■ Directions for this task:
Write the entries out exactly, with the final line being the one containing "Extra Long Gold".

[Stored items from a collection]

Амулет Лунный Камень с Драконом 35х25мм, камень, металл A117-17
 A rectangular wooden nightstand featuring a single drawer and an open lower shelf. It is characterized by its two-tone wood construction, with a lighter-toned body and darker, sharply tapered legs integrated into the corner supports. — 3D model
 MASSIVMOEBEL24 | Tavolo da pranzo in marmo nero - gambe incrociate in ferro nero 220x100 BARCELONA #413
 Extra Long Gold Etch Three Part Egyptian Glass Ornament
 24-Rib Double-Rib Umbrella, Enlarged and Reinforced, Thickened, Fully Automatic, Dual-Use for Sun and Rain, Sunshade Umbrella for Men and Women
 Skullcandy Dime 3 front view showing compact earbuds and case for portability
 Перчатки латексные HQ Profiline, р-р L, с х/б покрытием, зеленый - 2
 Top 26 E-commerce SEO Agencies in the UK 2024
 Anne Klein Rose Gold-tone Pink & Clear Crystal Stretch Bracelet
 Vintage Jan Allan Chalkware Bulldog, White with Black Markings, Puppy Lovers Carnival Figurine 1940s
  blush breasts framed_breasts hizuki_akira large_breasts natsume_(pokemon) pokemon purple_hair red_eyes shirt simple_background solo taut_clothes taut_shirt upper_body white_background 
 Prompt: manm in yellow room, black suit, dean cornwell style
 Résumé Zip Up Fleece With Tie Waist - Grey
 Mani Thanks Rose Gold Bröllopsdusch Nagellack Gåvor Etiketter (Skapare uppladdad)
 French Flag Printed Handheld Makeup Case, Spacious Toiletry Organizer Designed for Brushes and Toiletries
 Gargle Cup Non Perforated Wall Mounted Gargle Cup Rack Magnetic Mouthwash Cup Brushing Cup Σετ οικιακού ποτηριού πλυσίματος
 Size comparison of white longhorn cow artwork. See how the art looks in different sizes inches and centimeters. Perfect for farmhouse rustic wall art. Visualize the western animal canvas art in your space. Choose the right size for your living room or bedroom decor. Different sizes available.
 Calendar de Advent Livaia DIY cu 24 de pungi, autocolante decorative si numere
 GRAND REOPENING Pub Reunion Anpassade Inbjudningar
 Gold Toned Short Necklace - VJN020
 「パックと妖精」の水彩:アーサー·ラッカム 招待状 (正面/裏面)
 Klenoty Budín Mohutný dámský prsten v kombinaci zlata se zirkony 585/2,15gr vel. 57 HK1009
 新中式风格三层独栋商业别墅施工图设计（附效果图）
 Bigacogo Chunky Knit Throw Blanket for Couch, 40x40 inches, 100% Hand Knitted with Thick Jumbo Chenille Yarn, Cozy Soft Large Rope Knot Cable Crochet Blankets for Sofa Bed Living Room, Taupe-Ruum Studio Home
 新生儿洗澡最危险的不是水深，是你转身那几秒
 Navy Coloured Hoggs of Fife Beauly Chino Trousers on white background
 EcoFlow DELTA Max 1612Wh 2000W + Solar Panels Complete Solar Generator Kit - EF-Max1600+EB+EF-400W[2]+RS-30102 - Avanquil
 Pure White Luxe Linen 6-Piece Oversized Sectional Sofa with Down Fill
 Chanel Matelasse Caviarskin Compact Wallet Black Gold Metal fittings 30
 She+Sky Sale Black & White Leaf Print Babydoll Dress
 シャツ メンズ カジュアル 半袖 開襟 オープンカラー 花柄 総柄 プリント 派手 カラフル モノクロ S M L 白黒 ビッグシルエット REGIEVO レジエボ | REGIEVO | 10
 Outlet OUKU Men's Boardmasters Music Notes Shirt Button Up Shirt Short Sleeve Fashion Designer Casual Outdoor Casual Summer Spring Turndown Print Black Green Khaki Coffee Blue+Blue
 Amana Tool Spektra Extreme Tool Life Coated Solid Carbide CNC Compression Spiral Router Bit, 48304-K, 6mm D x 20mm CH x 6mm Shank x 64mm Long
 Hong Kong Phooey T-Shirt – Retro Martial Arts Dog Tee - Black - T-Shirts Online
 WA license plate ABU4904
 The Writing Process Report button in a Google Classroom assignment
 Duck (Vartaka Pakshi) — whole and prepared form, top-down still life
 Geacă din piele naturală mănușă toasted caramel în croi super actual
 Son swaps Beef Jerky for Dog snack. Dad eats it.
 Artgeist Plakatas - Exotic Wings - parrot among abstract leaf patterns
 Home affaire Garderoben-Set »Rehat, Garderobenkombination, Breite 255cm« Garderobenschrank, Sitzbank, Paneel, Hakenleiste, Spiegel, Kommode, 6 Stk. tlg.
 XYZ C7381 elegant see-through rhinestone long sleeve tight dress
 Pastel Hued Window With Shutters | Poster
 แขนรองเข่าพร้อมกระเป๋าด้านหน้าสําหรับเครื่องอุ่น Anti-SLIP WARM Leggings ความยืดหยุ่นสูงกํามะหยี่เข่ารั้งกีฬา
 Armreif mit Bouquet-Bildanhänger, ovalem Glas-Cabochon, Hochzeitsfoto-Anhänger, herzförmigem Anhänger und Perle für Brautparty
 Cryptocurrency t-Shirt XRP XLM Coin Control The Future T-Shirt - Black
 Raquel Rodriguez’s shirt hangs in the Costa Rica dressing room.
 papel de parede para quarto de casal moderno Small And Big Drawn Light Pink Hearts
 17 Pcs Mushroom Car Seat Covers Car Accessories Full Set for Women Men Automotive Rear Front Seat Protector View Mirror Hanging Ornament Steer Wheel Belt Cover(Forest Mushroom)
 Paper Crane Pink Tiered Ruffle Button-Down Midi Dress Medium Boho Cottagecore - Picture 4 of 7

■ Written answer:
Амулет Лунный Камень с Драконом 35х25мм, камень, металл A117-17
 A rectangular wooden nightstand featuring a single drawer and an open lower shelf. It is characterized by its two-tone wood construction, with a lighter-toned body and darker, sharply tapered legs integrated into the corner supports. — 3D model
 MASSIVMOEBEL24 | Tavolo da pranzo in marmo nero - gambe incrociate in ferro nero 220x100 BARCELONA #413
 Extra Long Gold Etch Three Part Egyptian Glass Ornament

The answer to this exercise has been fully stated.